Need to rotate new IMs into the rotation and rotate others out. The current IMs have the best understanding of the experience. Collect feedback from current Incident Managers based on their experience and get feedback on potential change.
Next Actions
Collect feedback
Decide on any changes to the schedule/rotation - create MR (if needed)
Rotate new IMs into the rotation
Proposal
(would like to get some initial feedback on this before progressing to an MR)
One of the key parts of feedback already is that shift rotations are too frequent. Additionally, there are clearly busier shifts than others. See evaluation of number of PD events per shift per month.
Proposal tl;dr:
transition two of our shifts from 4 hours to 6 hours in duration. Result: eliminate 8 shift slots completely.
increase the number of IMs in each shift rotation from 4 to 6. Result: increase time between rotation shifts.
increase the duration of each set of shifts from 3 days to 4. Result: increase time between rotation shifts.
overall results:
with the same overall number of team members (24), shifts will occur less frequently. Instead having 9 days in between sets of shifts, there will be 19 days.
each set of shifts will be 4 days instead of 3
two shifts will be longer (6 hours) during time of day when there is less activity (from 2300 -> 0500 and 0500 -> 1100 UTC)
Need to rotate new IMs into the rotation and rotate others out.
@sloyd out of curiosity, how many eligible team members do we have for IMOC? My understanding is it's the total number of Directors / Sr EMs / EMs from Development and Infrastructure + some Staff Engineers.
I'm asking because I'm trying to understand how often team members will be rotated out if each rotation has 24 team members.
There are some details about some individual contracts as well, but in general your description is correct. The other item to consider are those who are in other oncall rotations - we don't want anyone doing more than one.
Taking the above into consideration this nets to approx 90 team members total for IM rotation.
I think shift swaps are easier among a smaller, more cohesive group (i.e. Reliability, or Infrastructure) than a bigger group (Infrastructure + Engineering), weirdly. I think when there's a bigger group there tends to be more of a bystander effect, but also less of an 'I know that person and they work on things related to me, I'll help them out' - which may be the same thing.
Hopefully the reduction in shift numbers will help, and same with onboarding more IMs, but I wonder if we need to come up with something to improve the swap situation. There are quite a few unfilled swap requests in #imoc_general (full disclosure, this includes some for me) and it's also quite hard to keep track of.
I'm not suggesting changing anything now as we're already making changes, but you did ask for misc feedback
@smcgivern thanks, this is great feedback. For the record, I have some shift coverage to ask for myself and haven't done so
I think one thing we can do here is to clarify an expectation that everyone who has completed onboarding should assist with coverage needs, this includes those not currently in the active rotation. I realize there can be some cost for an individual of catching up on current events, but believe that the benefit of easier coverage for those in active rotations would be worth that.
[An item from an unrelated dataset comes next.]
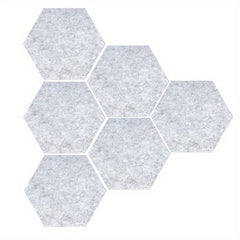 6pcs Hexagon Felt Bulletin Board Self Adhesive Wall Tiles with Push Pins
everyone who has completed onboarding should assist with coverage needs, this includes those not currently in the active rotation.
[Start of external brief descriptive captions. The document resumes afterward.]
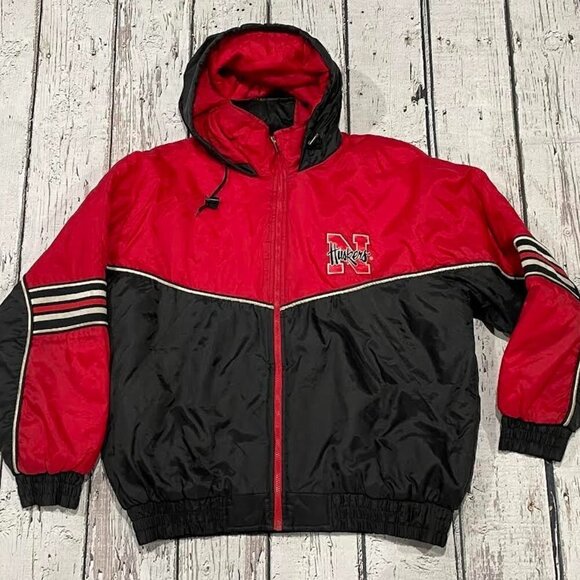 Vintage University of Nebraska Cornhuskers College 1990s Puffy Hooded Jacket - Picture 1 of 9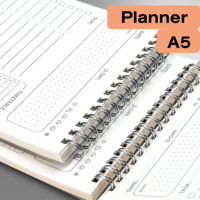 Agenda Diaria Espiral A5 con Lista de Tareas Diarias y Lista de Verificación de Tareas, Organizador de Regalo para el Trabajo y Organización de Notas, Cubierta de PP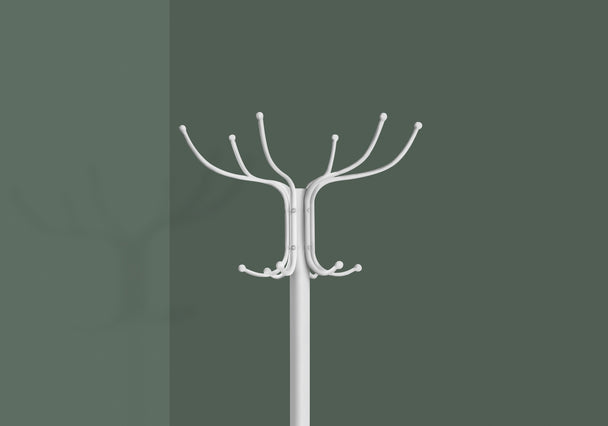 I 2030 Coat Rack - 70"H / White Metal With An Umbrella Holder - Furniture Depot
I think this is a good idea, and my hope is that the next rotation will have a better time of this because the current rotation will still be around picking up shifts.
@sloyd overall I think this is a positive change, as mentioned before I found current rotations too frequent and it impacted my plans more than I would wish.
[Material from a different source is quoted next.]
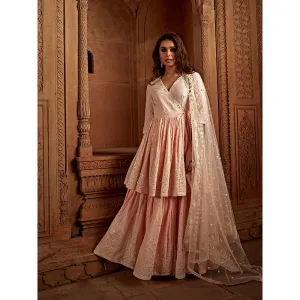 Preevin Blush Pink Double Layer All Over Barfi Embroidered Angrakha (Set of 3)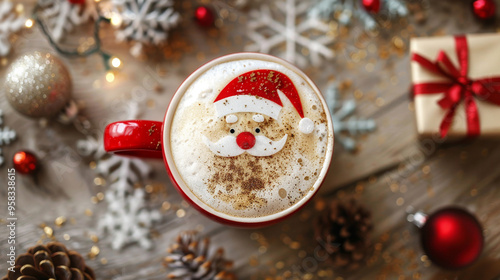 A warm cup of coffee featuring foam art shaped like Santa Claus, placed in a red cup on a rustic wooden table, surrounded by Christmas decorations, evoking holiday cheer, top view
I haven't been paged yet for an incident during my shifts yet - not sure based on what are taken "X"s in number of PD events per shift per month? Maybe this tracks also S3 and other incidents when IM is actually not paged? (ops, sorry, I was in a wrong tab - these are weeks with shifts, "Event volume" is the right tab - and the low number of incidents explains why I wasn't paged I think)
I found current rotations too frequent and it impacted my plans more than I would wish.
My experience so far as been that the shifts are short enough that I fail to plan properly for them and frequent enough that I try to just account for them in my overall capacity. Neither of these work well and I commonly end up tight for capacity on other, common tasks. So I'm supportive of a change to less frequent, longer shifts.
I wonder if we could have a 48-72 hour time period where everyone puts in the #imoc_general channel shifts they want to swap. Maybe we could do this June 28-July 1. By timeboxing this, it may make it easier to for people to swap shifts.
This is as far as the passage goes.